Structural Design Tool for Performative Building Elements:
A Semi-Automated Grasshopper Plugin for Design Decision Support of Complex Trusses
Michael Patrick Makris
A Thesis Presented to the
FACULTY OF THE USC SCHOOL OF ARCHITECTUREUNIVERSITY OF SOUTHERN CALIFORNIA
In Partial Fulfillment of the Requirements for the Degree
MASTER OF BUILDING SCIENCE
This thesis by Michael Patrick Makris, describes the development, testing, and findings of a Rhino-Grasshopper toolset developed to encourage real-time parametric design form experimentation through immediate integrated structural analysis feedback, allowing for structural optimization through iterative formal experimentation.
The performance-driven design toolset is a series of automated components that create geometry and simulate, analyze, and optimize triangular prismatic trusses in real-time for two main structural loading types: gravity and wind.
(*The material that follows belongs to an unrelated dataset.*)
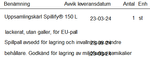 Offentlig (mgn___)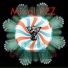 Mixel Rez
Each element is constructed, loaded, and simulated within the Rhino-Grasshopper design interface, returning structural performance information infographically in a native design environment. An optimization-assist tool is included that provides designer-centric information about proposed truss solutions such as cost, weight, deflection, and truss complexity.
In a series of trials of increasing design complexity, the toolset is tested and its accuracy is verified against benchmark structural engineering industry software SAP2000.
This thesis argues that, equipped with immediate structural performance information, designers can iteratively improve their architectural form and better understand the impact of form on structural performance, while still in conceptual design. Architects will produce more efficient, structurally informed designs when using this toolset over traditional conceptual design tools.